2025 Proffered Presentations
S139: VALIDATION OF A 3D PRINTED MODEL FOR PITUITARY NEUROENDOCRINE TUMOUR RESECTION, VASCULAR INJURY MANAGEMENT, CEREBROSPINAL LEAK REPAIR AND SKULL BASE RECONSTRUCTION
Nicholas G Candy1; Alexander S Zhang2; George Bouras3; Alistair K Jukes1; Stephen Santoreneos1; Nick Vrodos4; Peter-John Womald2; Alkis J Psaltis2; 1Royal Adelaide Hospital; 2Queen Elizabeth Hospital; 3Basil Hetzel Institute for Translational Research; 4Flinders Medical Centre
Background: Endoscopic pituitary surgery is a subspecialty field which benefits significantly from high fidelity surgical simulators. Giving trainees an opportunity to practice resection of a sellar tumour and management of a large vessel injury on surgical simulators will improve training.
Methods: A pituitary surgery course will run for the second iteration at the end of 2024. During the first iteration neurosurgeons and ENT surgeons of varying experience agreed to participate in assessing the validity of a 3D printed pituitary surgery model, figure 1. This model allowed participants to perform a transsphenoidal exposure and resection of a pituitary neuroendocrine tumour, repair a CSF leak, control a carotid injury and repair a skull base defect, figure 2. The content, face and construct validity of the 3D printed model was examined. The second iteration will involve examining time taken to complete each stage of the simulator as well as volume of blood lost during the major vascular injury. This will be correlated with the participants pre-course experience to assess construct validity.
Results: During the first iteration of the course the heart rate of the participants significantly increased from baseline when starting the carotid injury simulation (mean 90vs121) and significantly decreased once the injury was controlled (mean 121vs110).
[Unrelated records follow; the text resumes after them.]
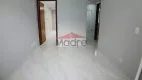 Foto 3 de Casa com 2 Quartos à venda, 72m² em Sitio Cercado, Curitiba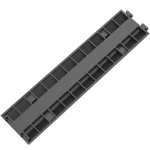 GXBZZGXBLXC21DTIJV0 gallery 9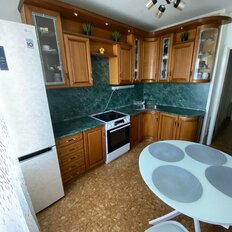 Квартира 91,5 м², 4-комнатная - изображение 1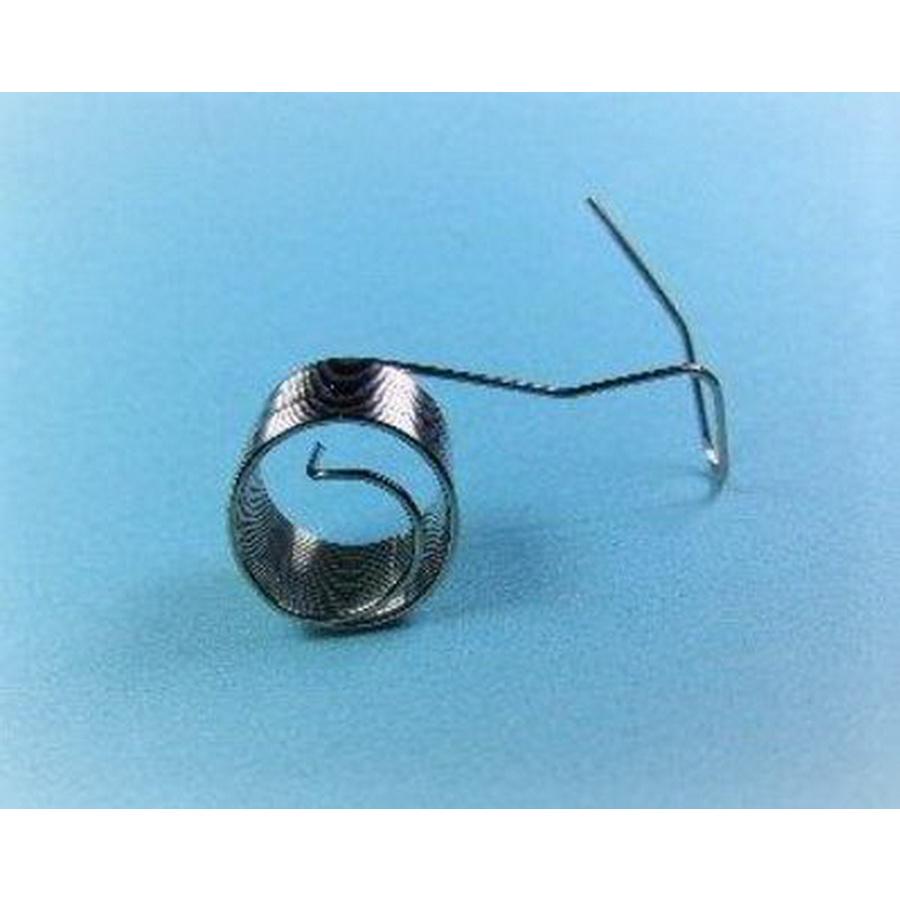 CHECK SPRING Singer16 - 188 69CL - Sewingmachinesplus.com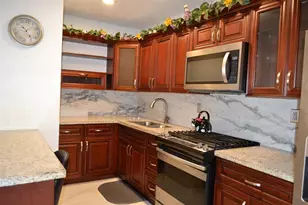 1700 NW 167th St, Miami Gardens, FL 33054 - Photo 7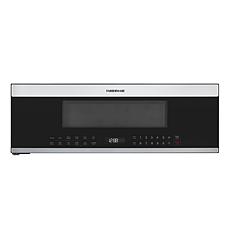 Farberware 1.2 Cu. Ft. OTR Microwave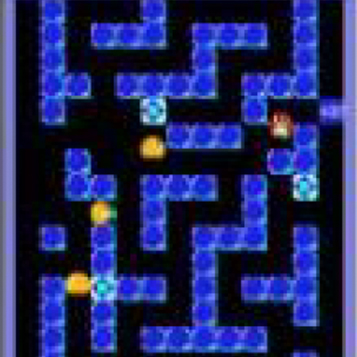 Pengo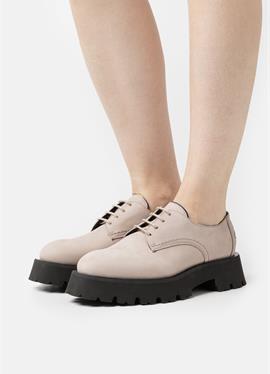 WOMENS ботинки - туфли со шнуровкой
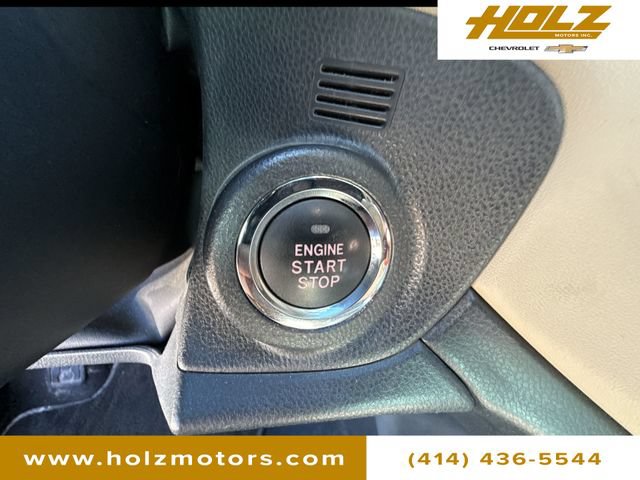 Used 2020 Subaru Outback Limited w/ Popular Package #2 AWD/4WD image 16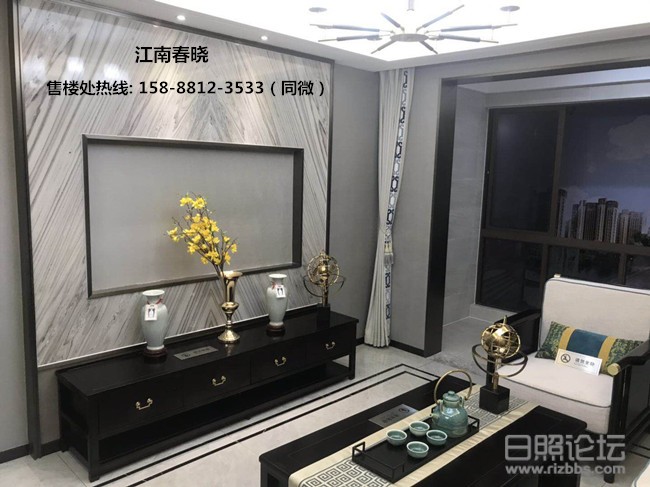 微信图片_20191012102010_副本.jpg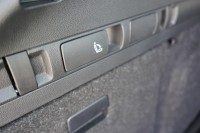 Skoda Superb Combi 2.0 TDI Sportline DSG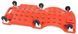 Лежак подкатной для автомастерской Mar-Pol M80094 PE 25431 фото 7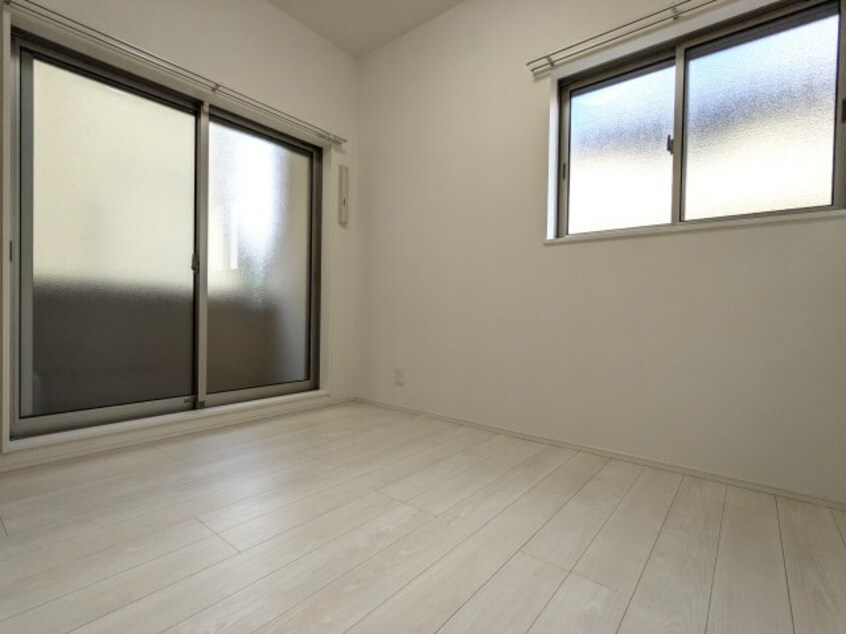  ハーモニーテラス高道町Ⅵ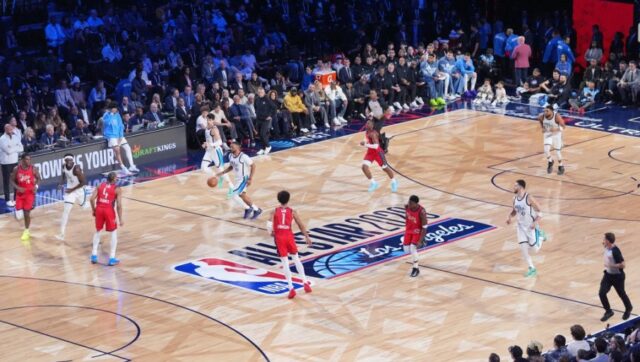 JOKIC OSTAO BEZ TITULE NA NBA OL STARU Borba tima sveta.jpg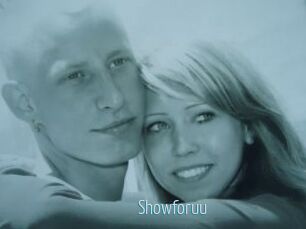 Showforuu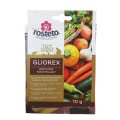 Gliorex - Rosteto - prodej hnojiv - 10 g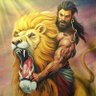 SinghBrajaraj's profile picture. जय श्रीराम जय श्री कृष्णा 🚩🚩🚩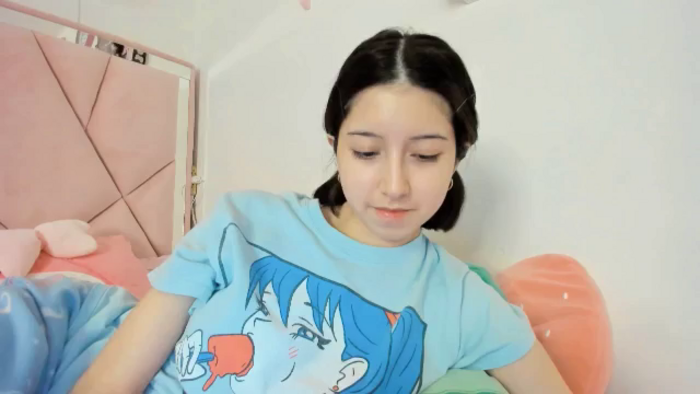 Cherrycute666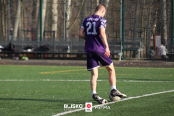 <a href="https://st.getinfootball.com/albums/1100464/69b691423f4d8_1920.jpg" target="_blank">Download original</a>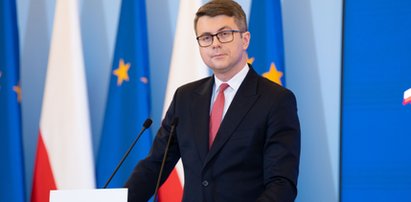 Już wiadomo, co dalej z podatkiem Belki. Rzecznik rządu rozwiał wątpliwości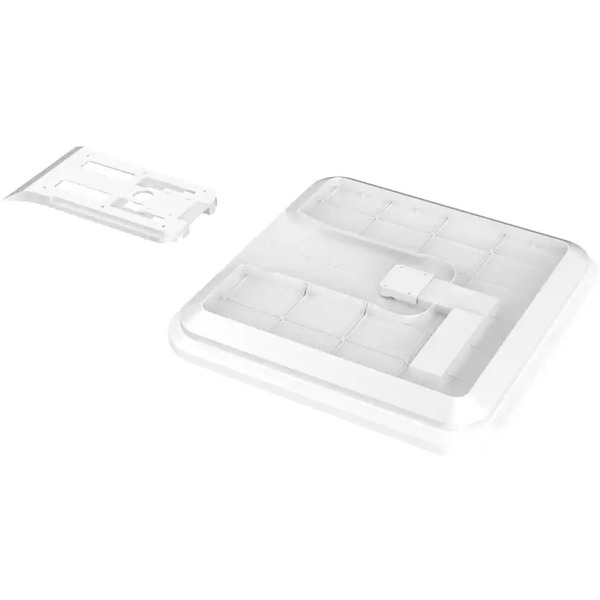 Умный светильник Yeelight Defender Ceiling Light S485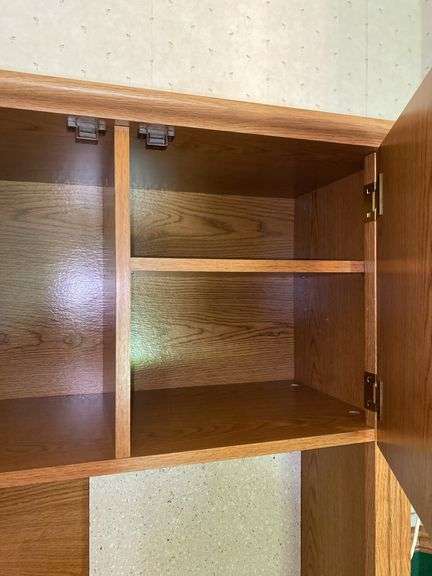 Computer Desk/Office Desk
The participants reported a significant improvement in anxiety in facing a major vascular injury, an increase in their confidence in management of major vascular injury, resecting a pituitary adenoma and repair of a CSF leak using a 5-point Likert scale (mean 4.42vs3.58 p=0.05, 2.0vs3.25, 2.36vs4.27 and 2.45vs4.0 respectively), figure 3. The data from the second iteration of the course in late 2024 will be used to expand these results.
Conclusion: Using the data from both iterations of this course will demonstrate validity of a 3D printed surgical simulator for endoscopic pituitary surgery that allows surgeons to practice a transsphenoidal approach and resection of a pituitary adenoma.
Figure 1: The pituitary adenoma, vascular injury and CSF leak repair surgical simulator.
Figure 2: The steps to be completed using the surgical simulator A-N. (A) incising through septal mucosa and beginning to raise a nasoseptal flap (B) removal of left sided septal spur (C) complete raising of nasoseptal flap and storing in the nasopharynx (D) bilateral middle turbinectomies (E) removal of the sphenoid rostrum (F) peeling the sphenoidal mucosa off the face of the sella (G) high speed drill to thin the bone over the sella (H) Kerrison-Rongeur to complete exposure of sella (I) durotomy (J) resection of the pituitary adenoma (K) injury to the diaphragma with subsequent CSF leak (L) repair of CSF leak using bathplug technique with chicken fat (M) injury to the carotid artery (N) use of two-surgeon four-hand approach to managing major vascular injury and placement of a harvested chicken muscle patch (O) successfully control the haemorrhage
Figure 3: Dot plots demonstrating the change in self rated anxiety and competence for management of carotid injury, as well as management of pituitary adenoma resection and CSF leak repair from the first iteration of the course.